From the first line to the last, repeat the data below exactly.

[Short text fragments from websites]
━━━━━━━━

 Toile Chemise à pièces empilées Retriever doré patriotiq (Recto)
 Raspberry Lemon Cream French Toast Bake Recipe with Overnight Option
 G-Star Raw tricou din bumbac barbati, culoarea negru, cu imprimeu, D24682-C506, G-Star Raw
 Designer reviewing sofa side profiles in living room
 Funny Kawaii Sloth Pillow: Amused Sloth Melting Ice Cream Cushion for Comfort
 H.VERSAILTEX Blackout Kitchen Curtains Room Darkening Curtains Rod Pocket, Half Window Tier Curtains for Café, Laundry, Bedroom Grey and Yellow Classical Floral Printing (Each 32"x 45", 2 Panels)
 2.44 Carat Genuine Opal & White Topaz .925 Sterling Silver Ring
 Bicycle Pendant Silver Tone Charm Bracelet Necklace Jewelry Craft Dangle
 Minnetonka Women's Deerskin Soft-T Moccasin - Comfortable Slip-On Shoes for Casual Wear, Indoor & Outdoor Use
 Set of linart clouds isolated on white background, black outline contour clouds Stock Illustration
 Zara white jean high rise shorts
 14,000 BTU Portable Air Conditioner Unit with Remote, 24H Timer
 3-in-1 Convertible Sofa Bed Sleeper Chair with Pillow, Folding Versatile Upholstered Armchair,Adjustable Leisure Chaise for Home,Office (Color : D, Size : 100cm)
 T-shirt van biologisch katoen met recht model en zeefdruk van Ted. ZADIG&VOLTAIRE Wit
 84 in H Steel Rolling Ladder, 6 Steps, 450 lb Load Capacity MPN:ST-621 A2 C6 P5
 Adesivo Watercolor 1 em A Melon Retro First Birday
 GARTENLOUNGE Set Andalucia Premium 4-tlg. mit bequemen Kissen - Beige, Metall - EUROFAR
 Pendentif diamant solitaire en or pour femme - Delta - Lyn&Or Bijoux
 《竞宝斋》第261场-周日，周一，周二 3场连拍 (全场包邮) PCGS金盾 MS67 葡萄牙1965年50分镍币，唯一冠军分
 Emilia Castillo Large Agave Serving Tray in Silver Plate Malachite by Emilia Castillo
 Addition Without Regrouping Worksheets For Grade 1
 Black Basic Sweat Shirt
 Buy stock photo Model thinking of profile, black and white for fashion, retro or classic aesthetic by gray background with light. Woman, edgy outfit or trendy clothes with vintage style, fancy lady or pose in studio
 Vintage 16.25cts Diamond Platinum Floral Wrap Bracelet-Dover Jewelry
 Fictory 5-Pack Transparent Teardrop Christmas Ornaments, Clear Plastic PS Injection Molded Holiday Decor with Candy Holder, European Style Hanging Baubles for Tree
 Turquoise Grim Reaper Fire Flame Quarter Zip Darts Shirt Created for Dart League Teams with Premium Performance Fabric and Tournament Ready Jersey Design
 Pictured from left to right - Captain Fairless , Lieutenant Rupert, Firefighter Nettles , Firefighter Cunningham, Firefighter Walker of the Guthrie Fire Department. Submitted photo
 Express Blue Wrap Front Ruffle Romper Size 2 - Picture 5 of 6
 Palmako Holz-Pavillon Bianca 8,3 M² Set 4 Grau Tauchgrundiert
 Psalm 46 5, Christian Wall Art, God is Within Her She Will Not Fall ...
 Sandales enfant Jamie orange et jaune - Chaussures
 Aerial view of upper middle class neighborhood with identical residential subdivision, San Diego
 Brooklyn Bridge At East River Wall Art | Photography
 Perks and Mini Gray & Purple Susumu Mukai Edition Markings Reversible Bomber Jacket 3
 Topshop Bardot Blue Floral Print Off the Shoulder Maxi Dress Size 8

━━━━━━━━

Your solution:
 Toile Chemise à pièces empilées Retriever doré patriotiq (Recto)
 Raspberry Lemon Cream French Toast Bake Recipe with Overnight Option
 G-Star Raw tricou din bumbac barbati, culoarea negru, cu imprimeu, D24682-C506, G-Star Raw
 Designer reviewing sofa side profiles in living room
 Funny Kawaii Sloth Pillow: Amused Sloth Melting Ice Cream Cushion for Comfort
 H.VERSAILTEX Blackout Kitchen Curtains Room Darkening Curtains Rod Pocket, Half Window Tier Curtains for Café, Laundry, Bedroom Grey and Yellow Classical Floral Printing (Each 32"x 45", 2 Panels)
 2.44 Carat Genuine Opal & White Topaz .925 Sterling Silver Ring
 Bicycle Pendant Silver Tone Charm Bracelet Necklace Jewelry Craft Dangle
 Minnetonka Women's Deerskin Soft-T Moccasin - Comfortable Slip-On Shoes for Casual Wear, Indoor & Outdoor Use
 Set of linart clouds isolated on white background, black outline contour clouds Stock Illustration
 Zara white jean high rise shorts
 14,000 BTU Portable Air Conditioner Unit with Remote, 24H Timer
 3-in-1 Convertible Sofa Bed Sleeper Chair with Pillow, Folding Versatile Upholstered Armchair,Adjustable Leisure Chaise for Home,Office (Color : D, Size : 100cm)
 T-shirt van biologisch katoen met recht model en zeefdruk van Ted. ZADIG&VOLTAIRE Wit
 84 in H Steel Rolling Ladder, 6 Steps, 450 lb Load Capacity MPN:ST-621 A2 C6 P5
 Adesivo Watercolor 1 em A Melon Retro First Birday
 GARTENLOUNGE Set Andalucia Premium 4-tlg. mit bequemen Kissen - Beige, Metall - EUROFAR
 Pendentif diamant solitaire en or pour femme - Delta - Lyn&Or Bijoux
 《竞宝斋》第261场-周日，周一，周二 3场连拍 (全场包邮) PCGS金盾 MS67 葡萄牙1965年50分镍币，唯一冠军分
 Emilia Castillo Large Agave Serving Tray in Silver Plate Malachite by Emilia Castillo
 Addition Without Regrouping Worksheets For Grade 1
 Black Basic Sweat Shirt
 Buy stock photo Model thinking of profile, black and white for fashion, retro or classic aesthetic by gray background with light. Woman, edgy outfit or trendy clothes with vintage style, fancy lady or pose in studio
 Vintage 16.25cts Diamond Platinum Floral Wrap Bracelet-Dover Jewelry
 Fictory 5-Pack Transparent Teardrop Christmas Ornaments, Clear Plastic PS Injection Molded Holiday Decor with Candy Holder, European Style Hanging Baubles for Tree
 Turquoise Grim Reaper Fire Flame Quarter Zip Darts Shirt Created for Dart League Teams with Premium Performance Fabric and Tournament Ready Jersey Design
 Pictured from left to right - Captain Fairless , Lieutenant Rupert, Firefighter Nettles , Firefighter Cunningham, Firefighter Walker of the Guthrie Fire Department. Submitted photo
 Express Blue Wrap Front Ruffle Romper Size 2 - Picture 5 of 6
 Palmako Holz-Pavillon Bianca 8,3 M² Set 4 Grau Tauchgrundiert
 Psalm 46 5, Christian Wall Art, God is Within Her She Will Not Fall ...
 Sandales enfant Jamie orange et jaune - Chaussures
 Aerial view of upper middle class neighborhood with identical residential subdivision, San Diego
 Brooklyn Bridge At East River Wall Art | Photography
 Perks and Mini Gray & Purple Susumu Mukai Edition Markings Reversible Bomber Jacket 3
 Topshop Bardot Blue Floral Print Off the Shoulder Maxi Dress Size 8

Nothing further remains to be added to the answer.